━━ Extracted information

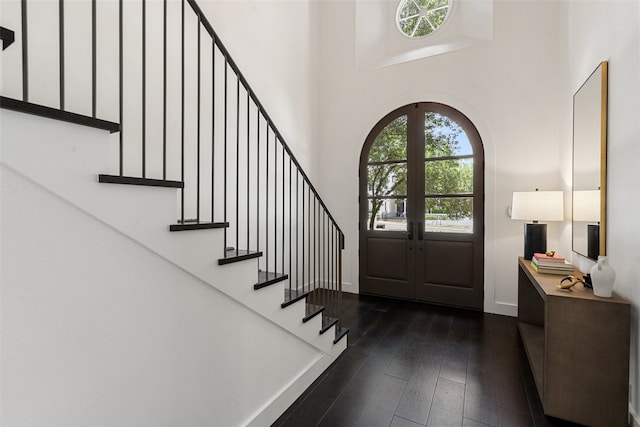 foyer featuring a high ceiling, french doors, and dark wood-type flooring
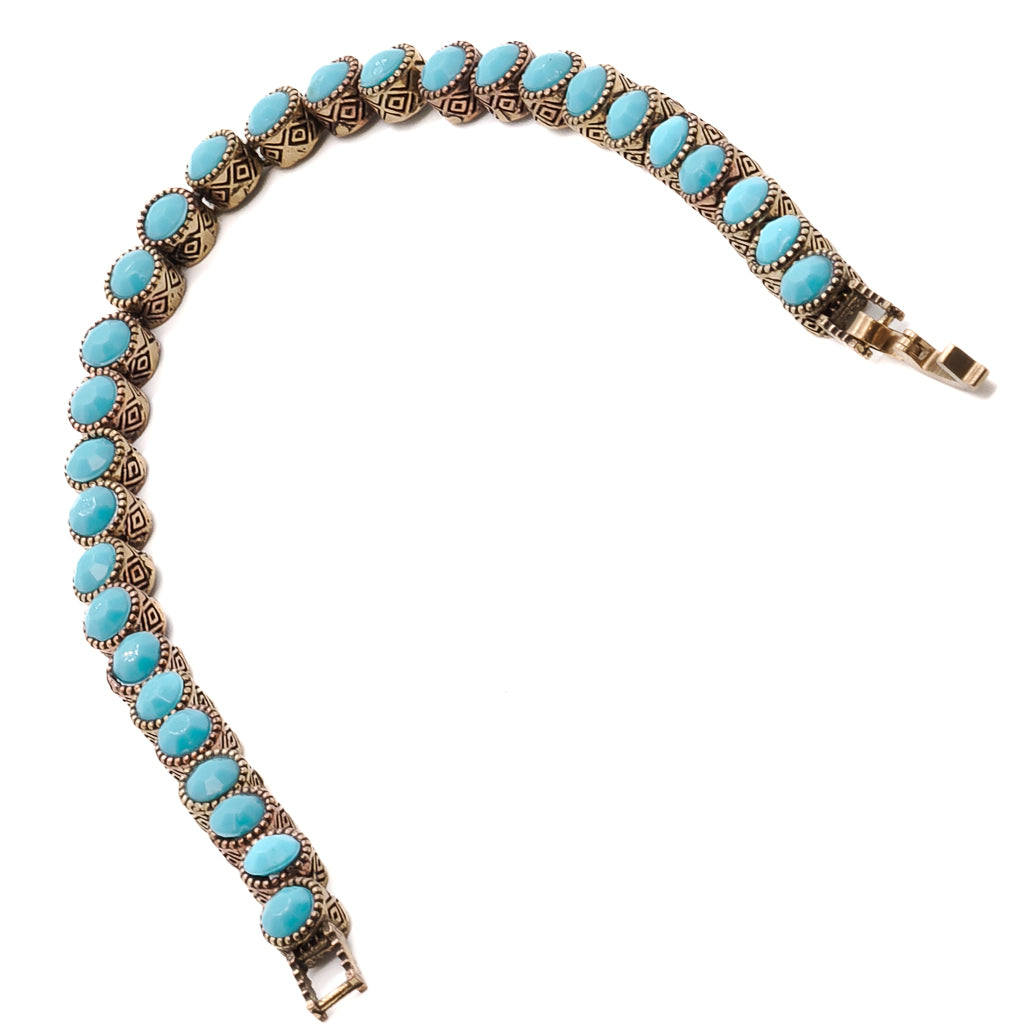 A close-up of the bronze tennis bracelet with beautiful turquoise stones.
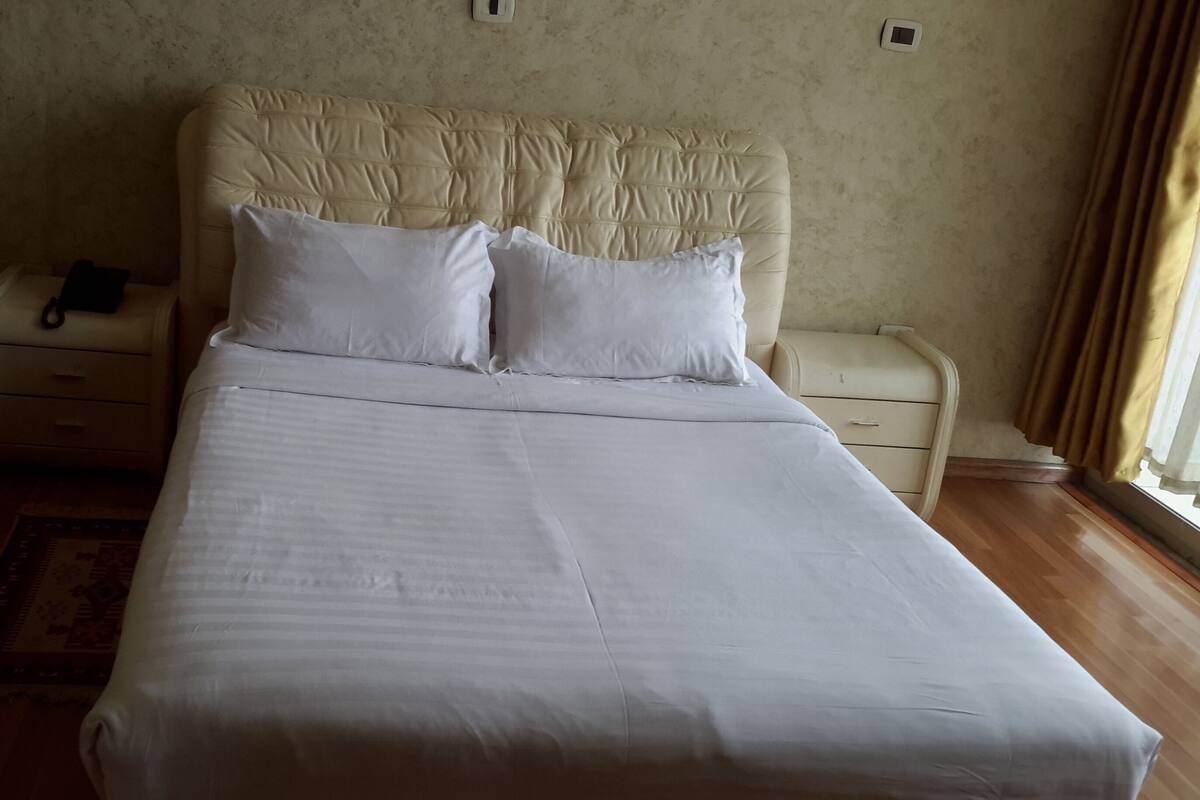 A neatly made bed with white linens and pillows, a bedside table with a lamp, and a window with curtains.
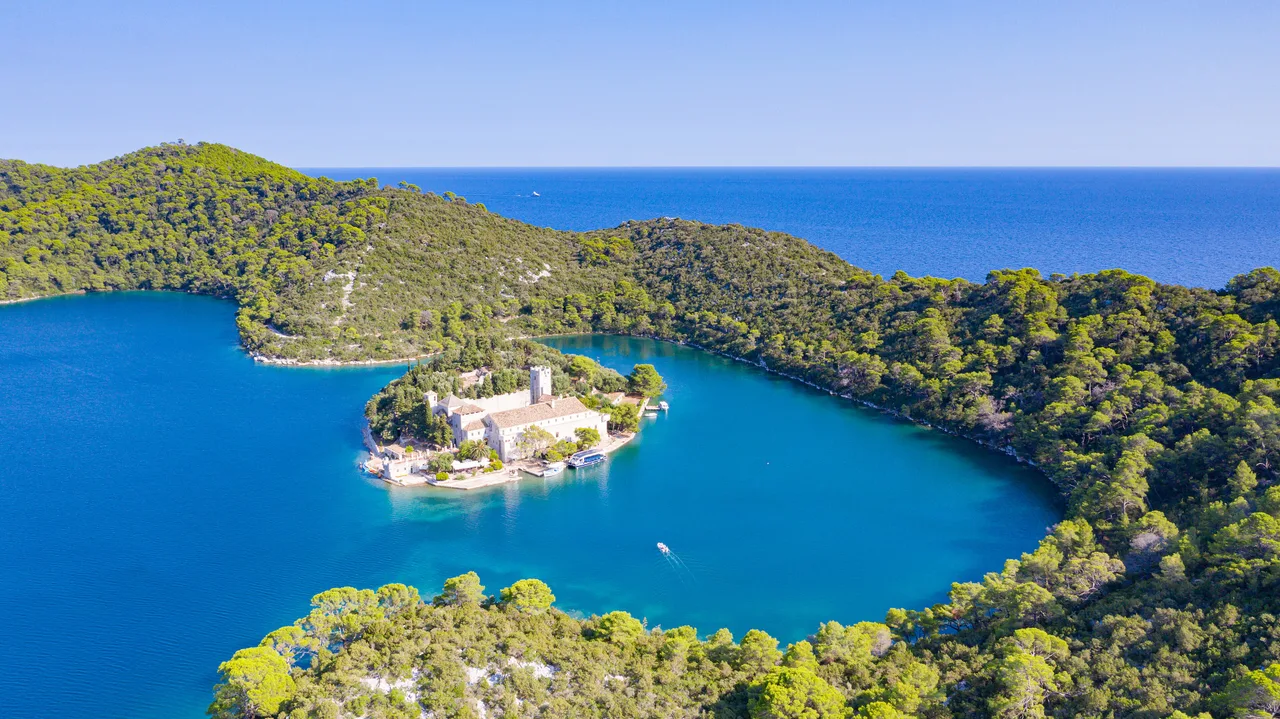 Aerial view of the Benedictine monastery on St Mary islet in the green saltwater lake of Mljet National Park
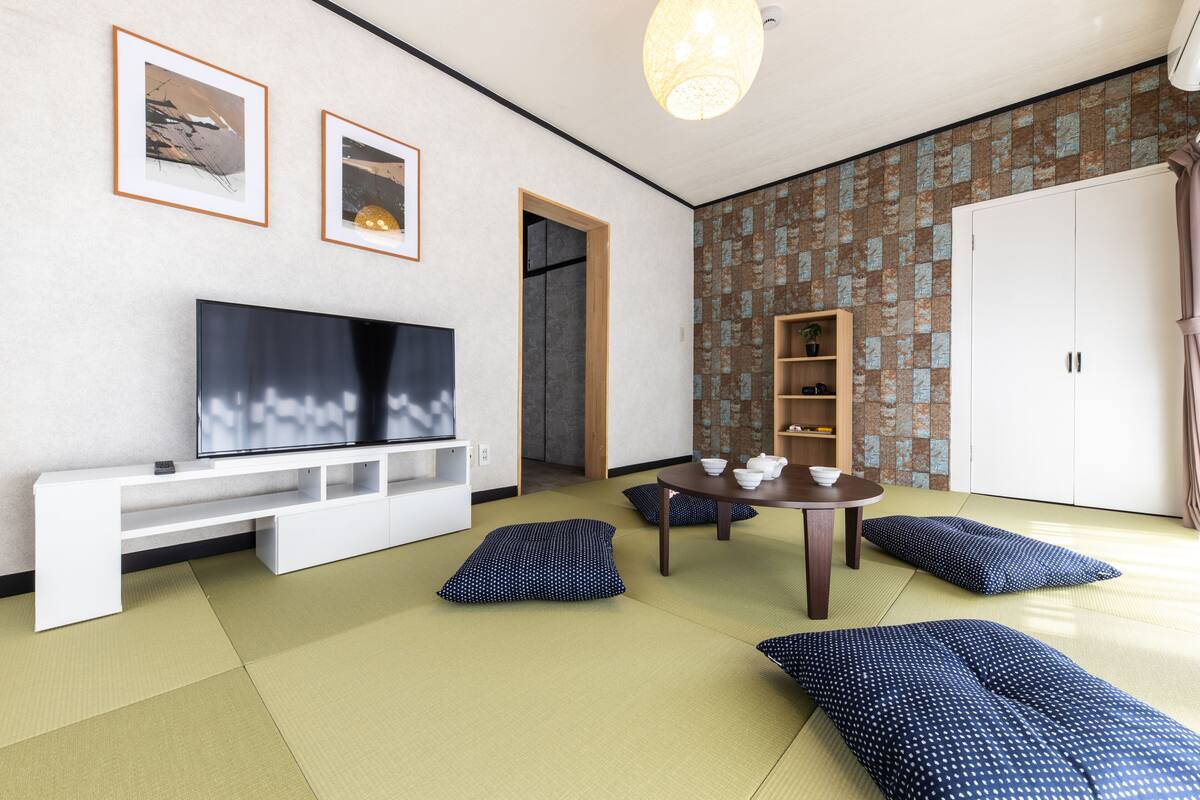 A modern living room with tatami flooring, a flat-screen TV, a wooden table with teaware, and a wardrobe.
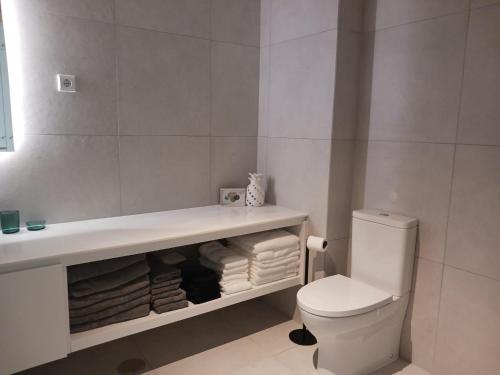 un bagno con lavandino, WC e asciugamani di Lagoa Princess Condo a Lagoa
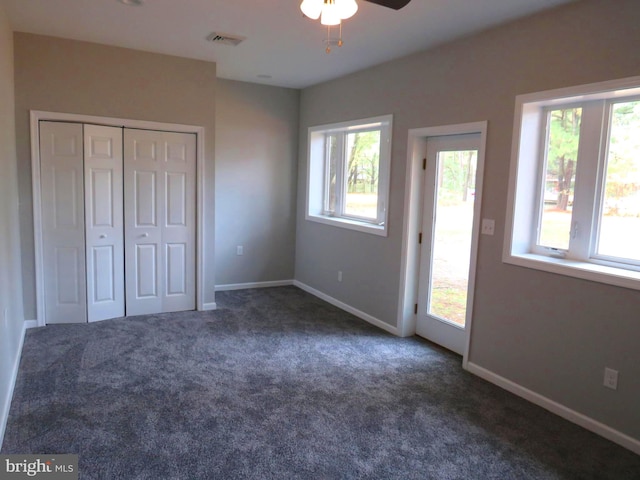 unfurnished bedroom with a closet, dark colored carpet, multiple windows, and ceiling fan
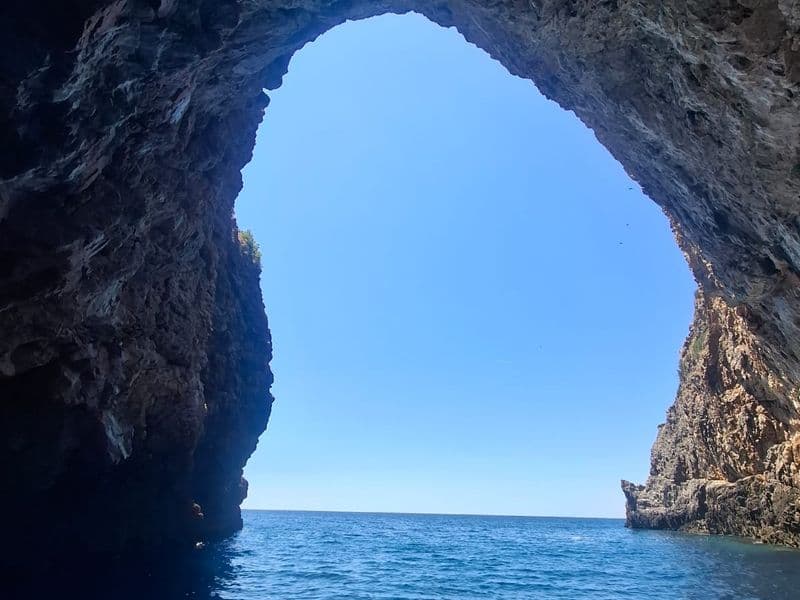 Natural sea cave arch on the Montenegrin coast seen from the boat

━━━━

Exercise.
Transcribe every line from the one containing "un bagno con" to the end of the listing, exactly and exclusively. Do not carry any picture over.

Task output.
 un bagno con lavandino, WC e asciugamani di Lagoa Princess Condo a Lagoa
 unfurnished bedroom with a closet, dark colored carpet, multiple windows, and ceiling fan
 Natural sea cave arch on the Montenegrin coast seen from the boat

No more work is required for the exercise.